0――――と、エルは笑う。
 チェックメイトと表現してもいい。唯一効くシェリーの武器が仲間によって封じられた今、ウェスカーに抗う手段は一つも残されていない。今まで攻撃する標的にしか目をくれなかったバケモノは、積極的に人質をとることだろう。そして攻撃してくる者を襲うのだ。
 
 もうシェリーにできることはない。クリス達が必死に距離を開けようと頑張っているが、それも銃弾が続くまでだ。そして仲間が全て殺されたとき、シェリーが最期に殺される。
 
 予想した3つのプロセスを当てきったエルは、最期にそう予想した。
 
 そして、戯れに逆の予想を考えてみた。どうすればSTARSがウェスカーに勝てたのだろうか、と。

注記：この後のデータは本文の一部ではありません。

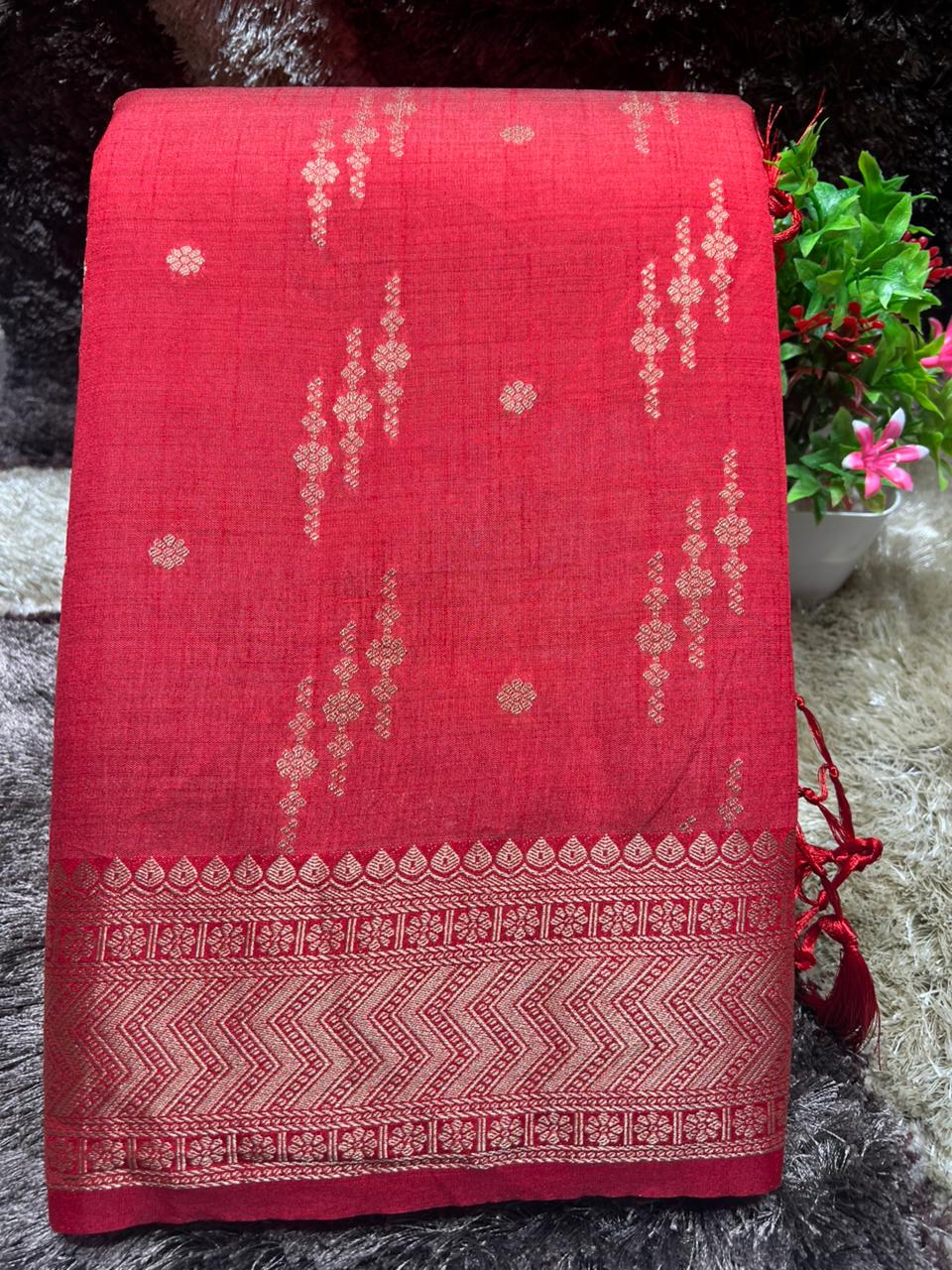 Tussar Silk Saree.
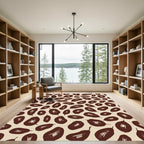 Chocolate Brown Botanical Seeds Rug
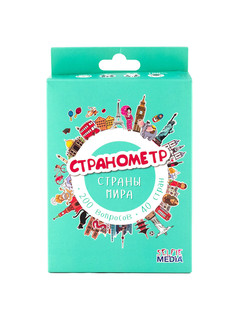 Настольная игра 'Странометр. Страны мира' Selfie Media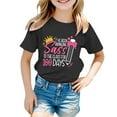 thumbnail image 1 of PMVFHDE T-Shirts d'Été Mode Décontractée pour Enfants Imprimé Col Rond Manches Courtes T-Shirt Noir, 12-13 Ans, 1 of 4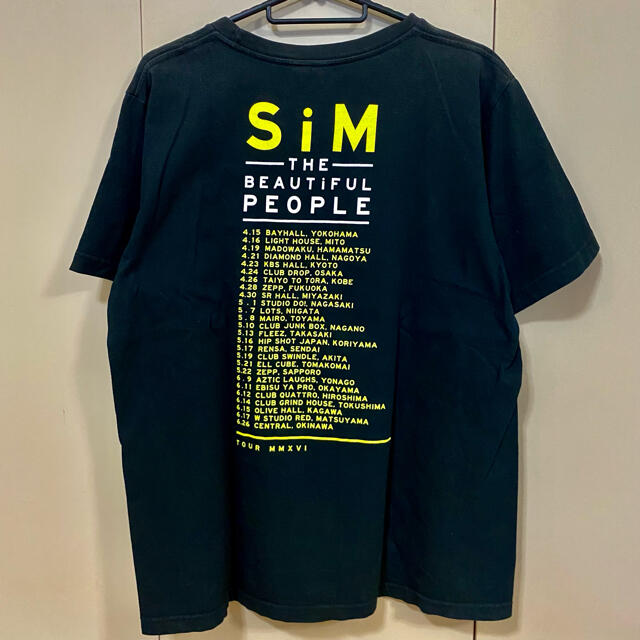 SiM TBP TOUR Tシャツ エンタメ/ホビーのタレントグッズ(ミュージシャン)の商品写真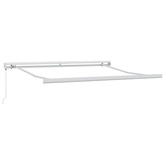 Zwijana markiza, antracytowo-biała, 3x2,5m, tkanina i aluminium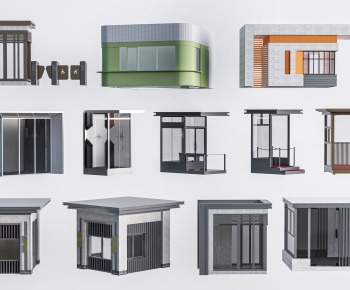 Modern Security Booth-ID:851368906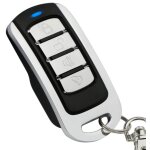 T�l�commande pour portes automatiques / porte de garage - noir / argent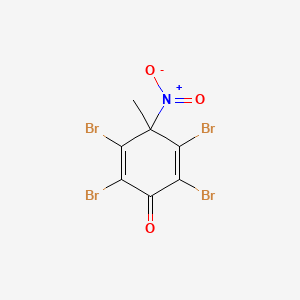 molecular formula C7H3Br4NO3 B1301035 2,3,5,6-Tetrabromo-4-methyl-4-nitro-2,5-cyclohexadien-1-one CAS No. 95111-49-2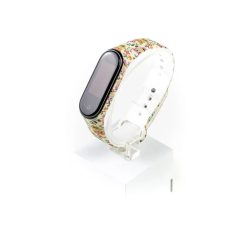   Xiaomi Mi band 3 / 4 szíjak - állatos, baglyos, sárga, szilikon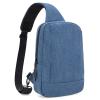 Sling Bag Crossbody Bag Men with USB Charging Port Small Messenger Bag Cross Body Shoulder Bag Sling Backpack Women with Adjustable Shoulder Strap (Canvas, Blue) view 1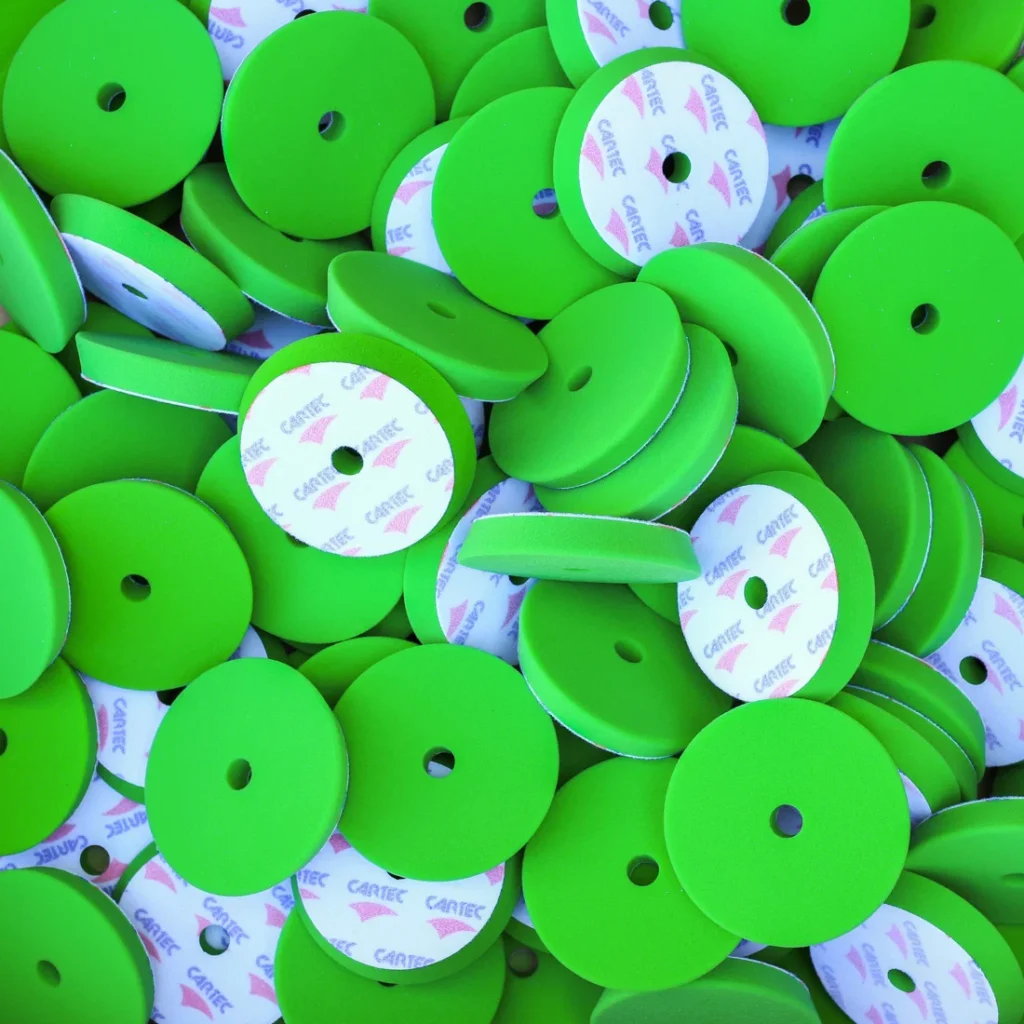 Pads verts Refinish regroupés pour le stockage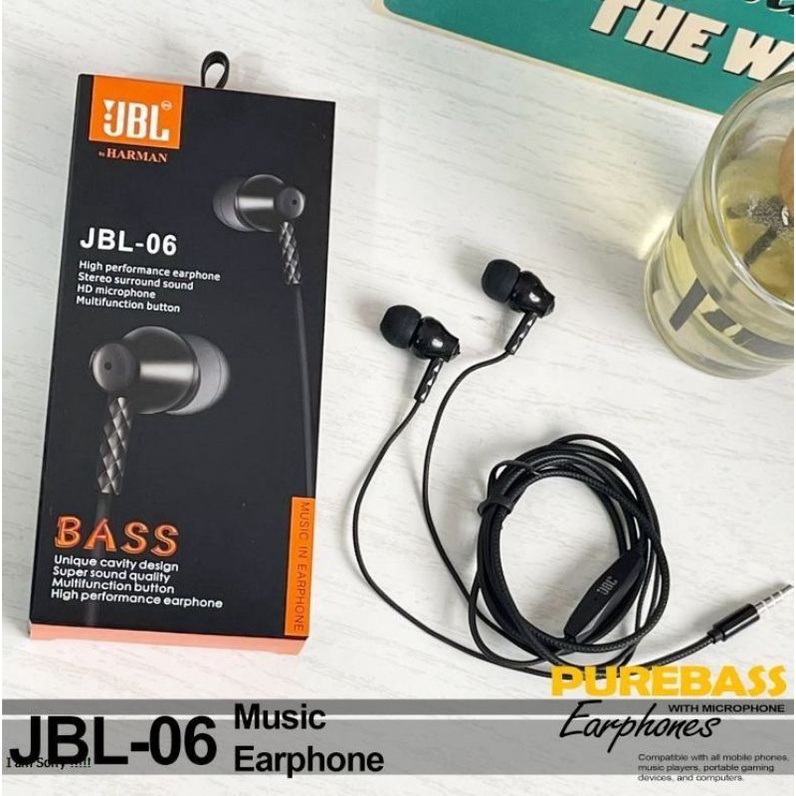 HF HEADSET JBL JB-06 SUPER BASS PACKING IMPORT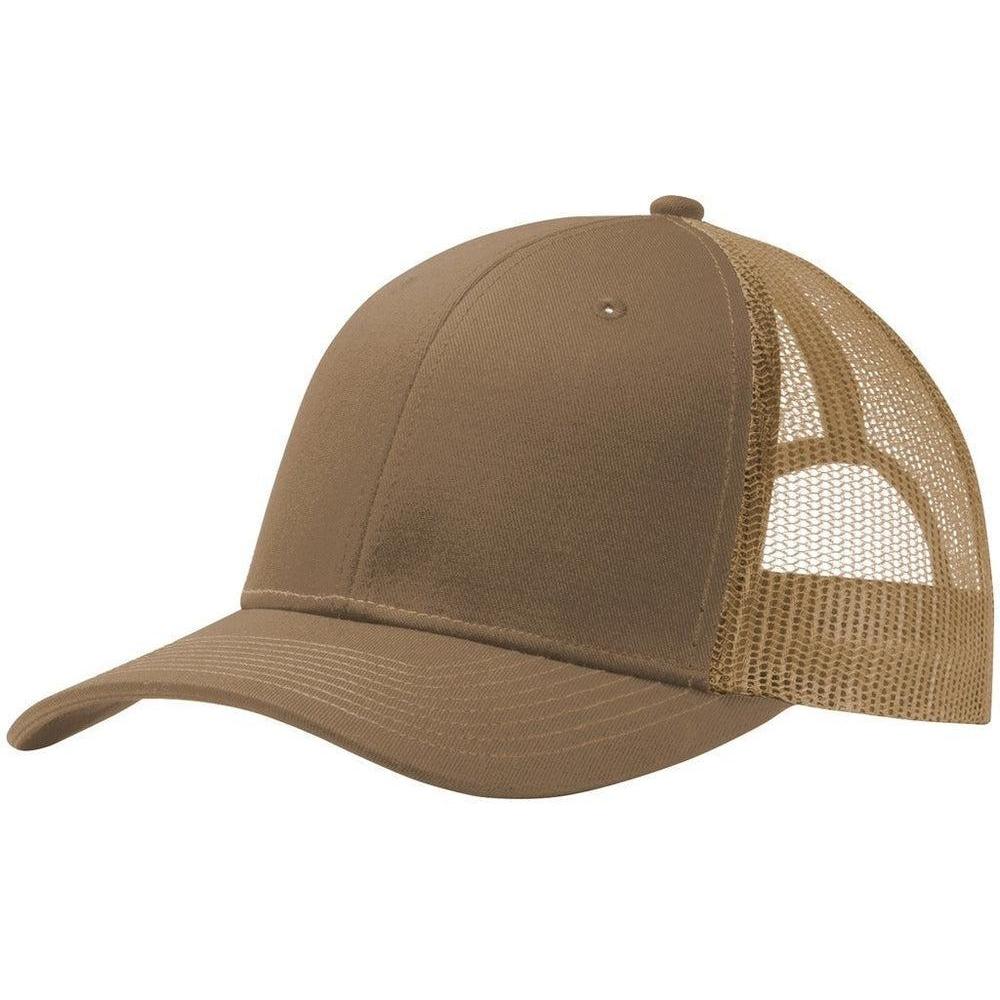 no-logo Port Authority Snapback Trucker Cap-Headwear-Port Authority-Thread Logic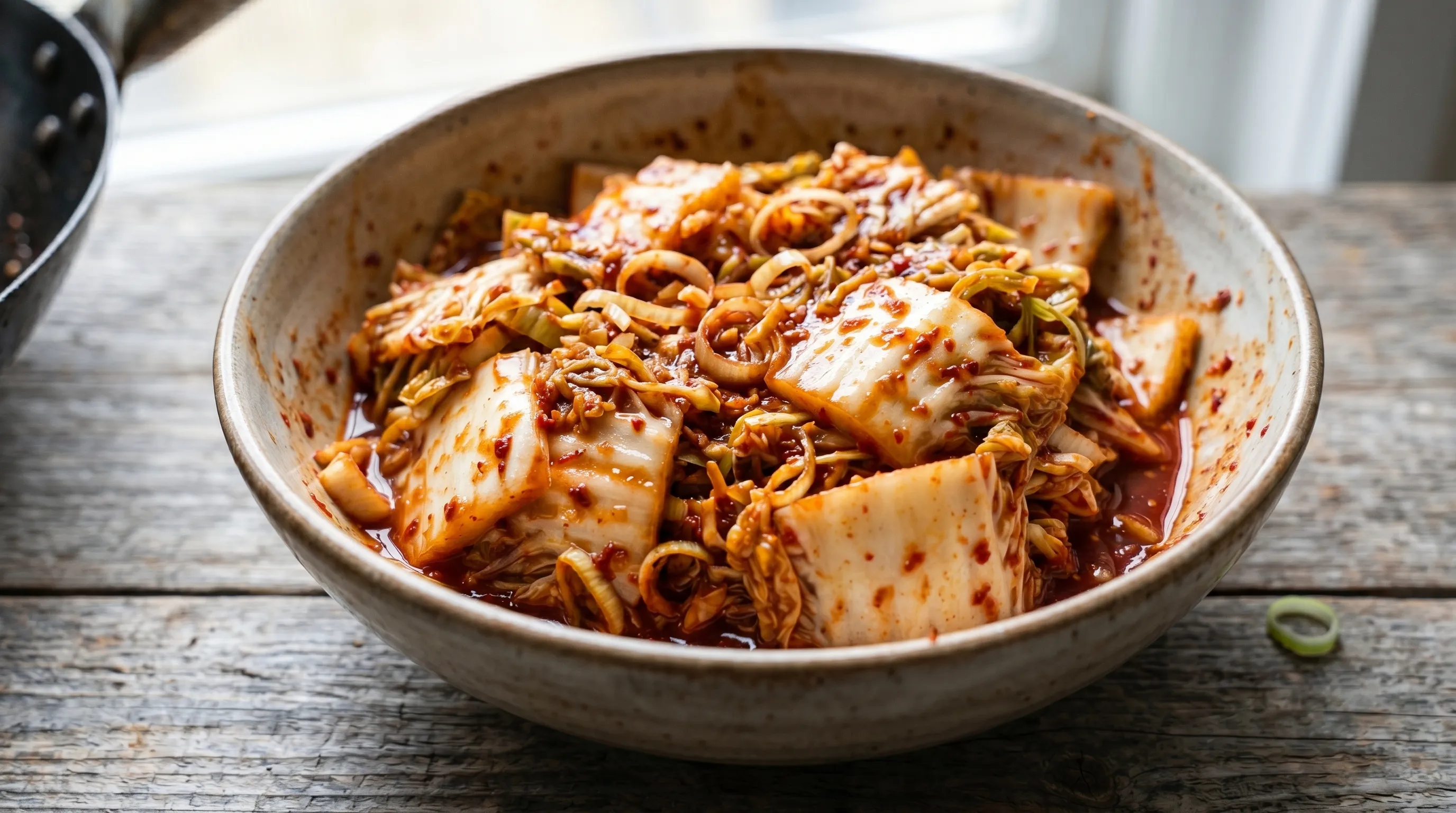 Snelle Faux Kimchi (Geotjeori) — hero afbeelding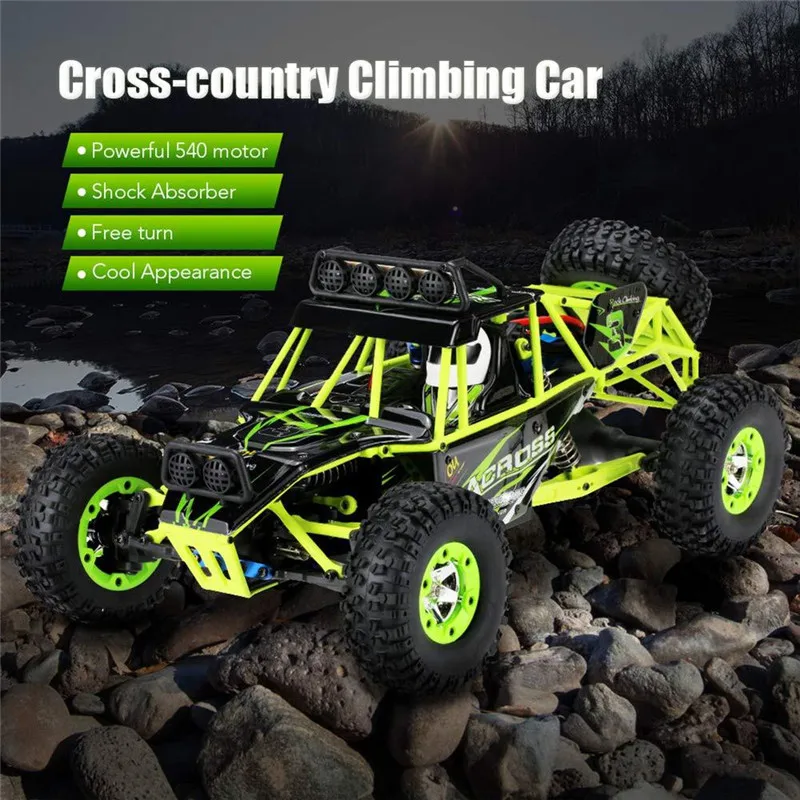 

WLtoys 12428 1/12 RC Car 4WD 2.4G Car 50km/h Electric Brushed Crawler RC Buggy Off-road Climbing Vehicle Remote Control Vehicles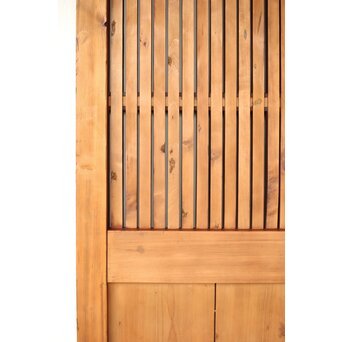 鉄格子鉄腰板蔵戸　W0142YD 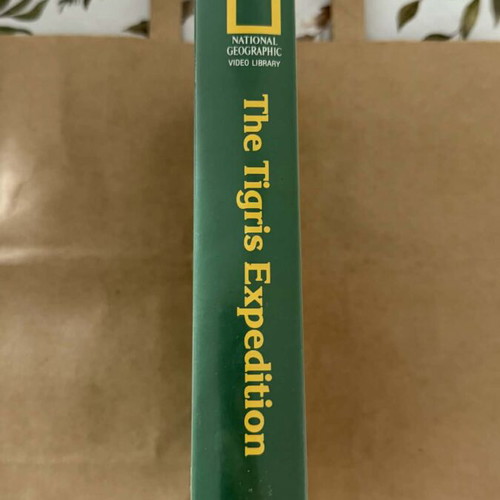 The Tigris Expedition National Geographic videocassette like new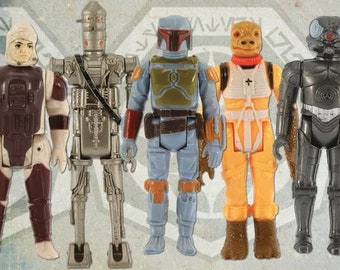 Star Wars Vintage Action Figure Bounty Hunter print 11 by 17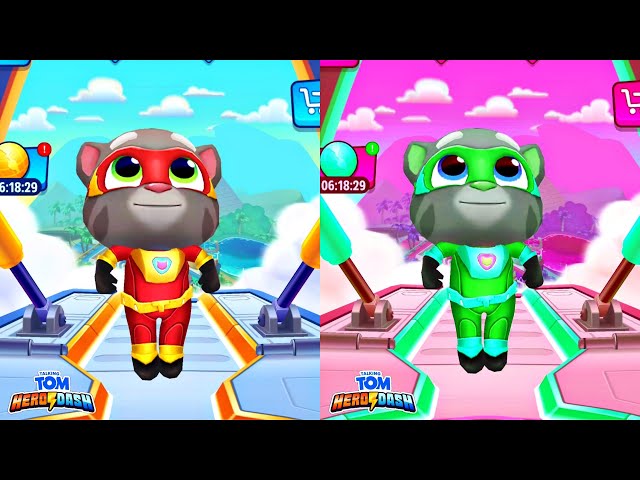 Talking Tom Hero Dash - Tom - Completing missions - 2 x - Gameplay, Android - LILU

 彼女は今の状況から順に遡っていって、一つ一つ答えをはじき出していく。
 
 ―――――――――理想は焼き殺すこと。逃げ回るのなら誰かが犠牲になってシェリーが止めを刺せばよかったし、それ以前なら銃の集中砲火―――Meteorと一緒に、超振動が切れた瞬間を狙えば、もっと早く倒せたかもしれない。
 
 なら敗因は聖司の負傷にある?それじゃ辻褄が合わない。戦って出た犠牲を敗因にしたら限が無いし、どんなに不利な状況に陥りようと代案や補充を考えるのが指揮官の仕事でしょ。それができず、ただ闇雲に銃を撃ち続けたクリスはリーダー失格だし、それを咎めようともしなかった周りも同罪。
 
 宿敵が相手だったから冷静な判断が出来なくなったなんて、言い訳にもならない。
 
 ここで少し穏便に考えて、聖司の負傷が敗因だと仮定してみると、聖司を傷つけないようにする必要が出てくる。
 
 戦えば傷の一つや二つは当たり前。聖司はたまたま目を怪我しただけ。なら聖司が怪我をしないで―――それとも誰も怪我をしないでアレを倒せと?
 
 そんな無茶が――――実は一つだけある。
 さっさとここから逃げればよかっただけの話し。この海底施設は潜水艦を使わなきゃ出入りもできない。馬鹿になったアレじゃそんなことができるわけない。
 そして今ここに落ちて来ている魚雷で施設ごと壊してもらえば目標達成。誰も傷つかないし、アレも死ぬ。
 
 つまりクリス達は最初から間違えていた。楽して勝てる方法があったのに、わざわざ犠牲が出る方法を選らんでしまった。
 仇を取りたいなんて私欲的なことを考えるからこんな事態に陥る。あたしなら絶対しない―――――――――。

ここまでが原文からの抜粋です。